* [INSTRUCTIONS FOR THE TASK]: Sort through the listing below and keep each line with the word "will". Copy those.

* [MATERIAL PROVIDED]:
******

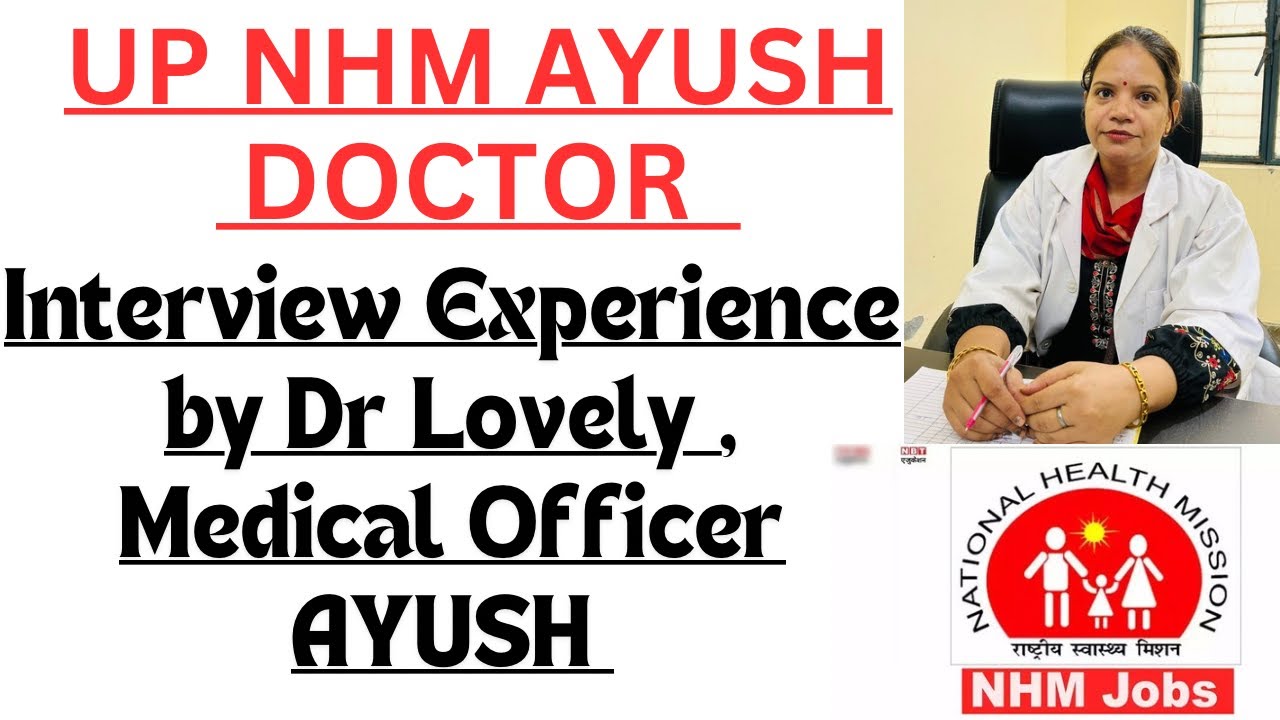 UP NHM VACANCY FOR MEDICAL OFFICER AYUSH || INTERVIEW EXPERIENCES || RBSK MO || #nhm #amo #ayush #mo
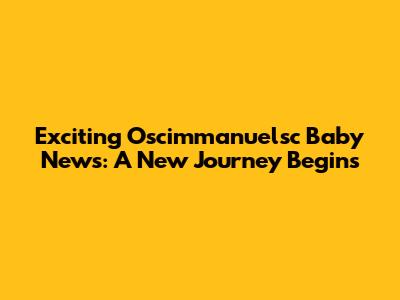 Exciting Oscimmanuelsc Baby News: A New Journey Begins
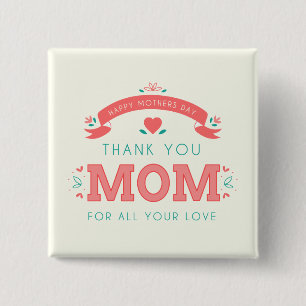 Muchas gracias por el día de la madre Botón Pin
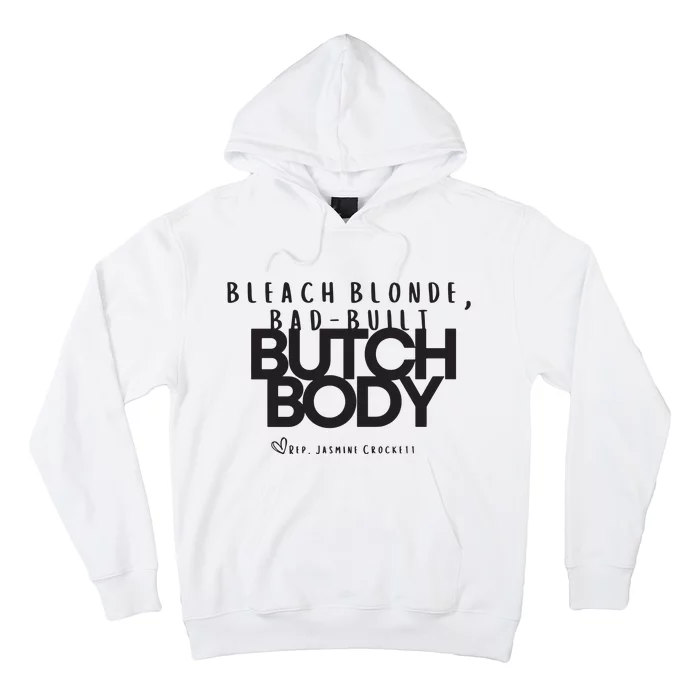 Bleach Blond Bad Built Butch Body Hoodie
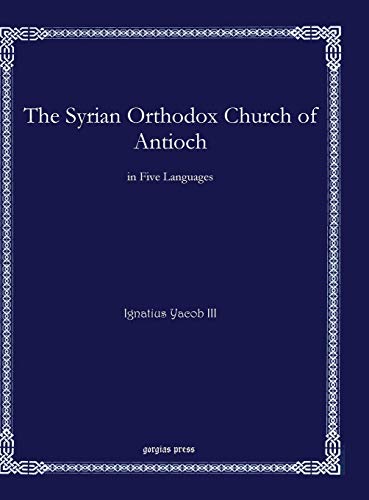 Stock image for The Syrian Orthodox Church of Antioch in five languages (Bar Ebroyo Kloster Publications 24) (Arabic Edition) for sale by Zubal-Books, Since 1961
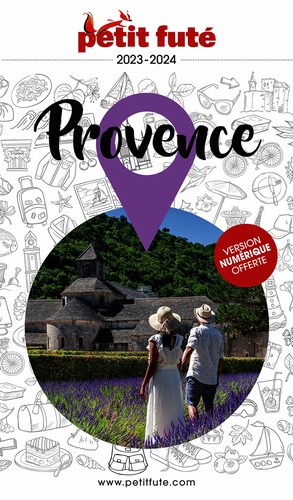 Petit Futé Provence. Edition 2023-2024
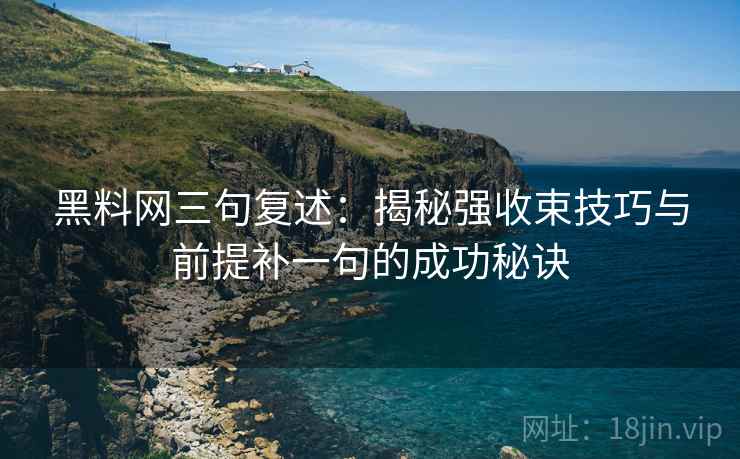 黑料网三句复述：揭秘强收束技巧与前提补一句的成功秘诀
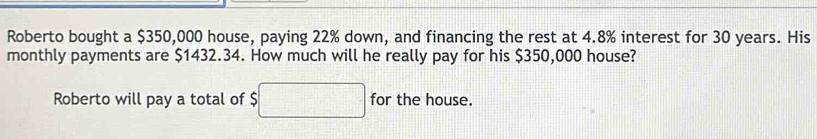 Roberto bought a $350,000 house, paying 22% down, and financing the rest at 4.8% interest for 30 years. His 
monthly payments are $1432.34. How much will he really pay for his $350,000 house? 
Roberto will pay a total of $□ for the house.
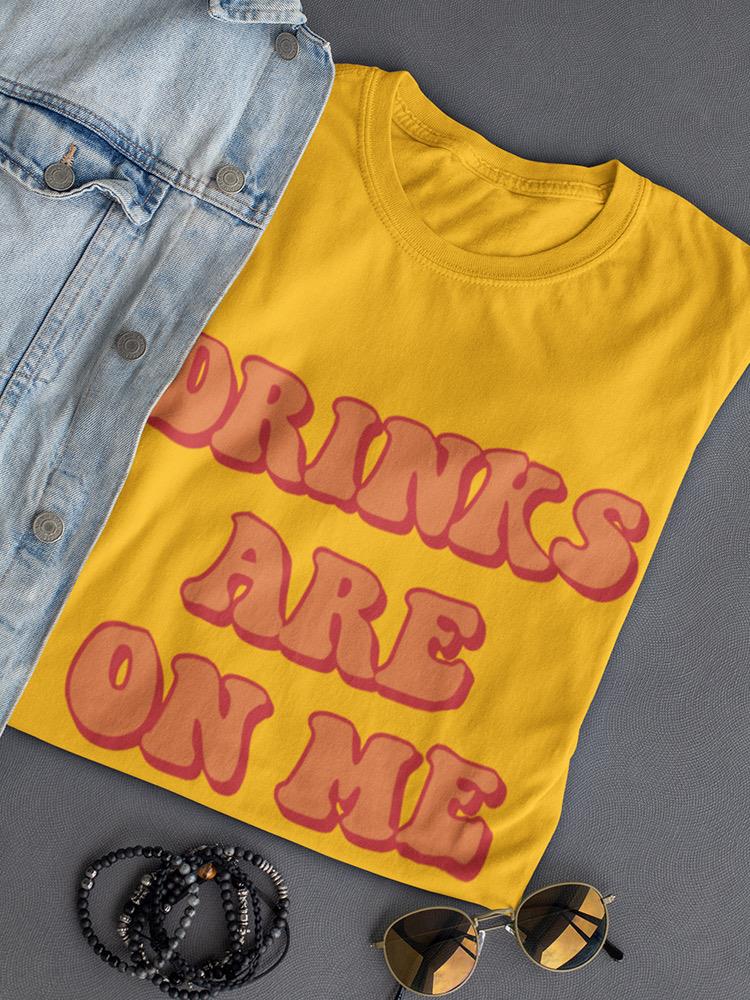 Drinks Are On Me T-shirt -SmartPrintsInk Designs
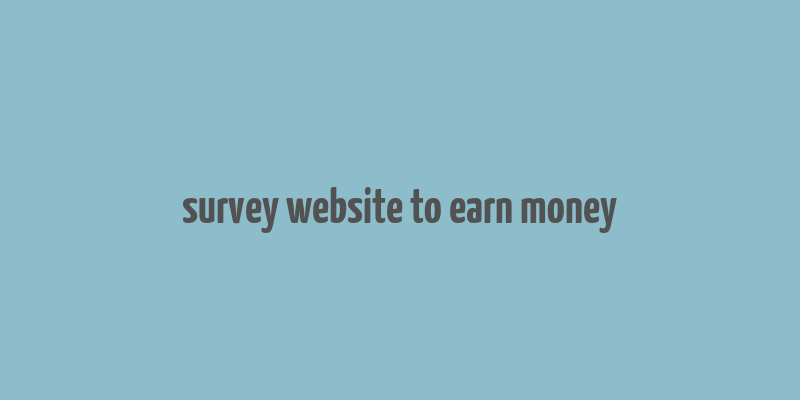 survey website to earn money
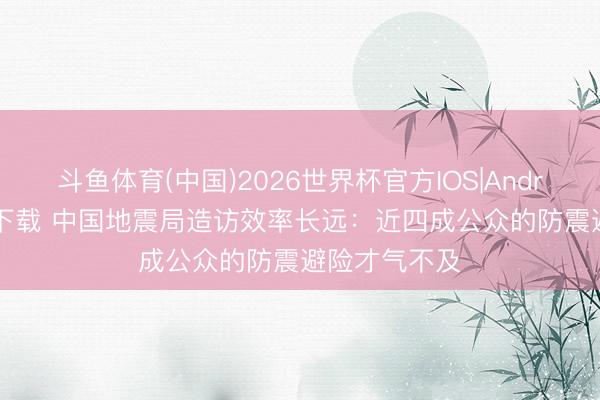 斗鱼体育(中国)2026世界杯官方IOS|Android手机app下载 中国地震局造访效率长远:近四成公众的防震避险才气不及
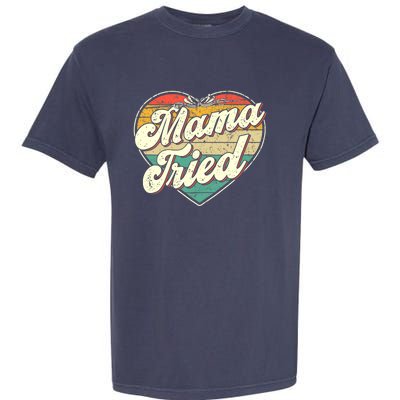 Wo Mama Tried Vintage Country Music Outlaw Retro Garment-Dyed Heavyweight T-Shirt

******

* [RESPONSE BOX]:
monthly payments are $1432.34. How much will he really pay for his $350,000 house? 
Roberto will pay a total of $□ for the house.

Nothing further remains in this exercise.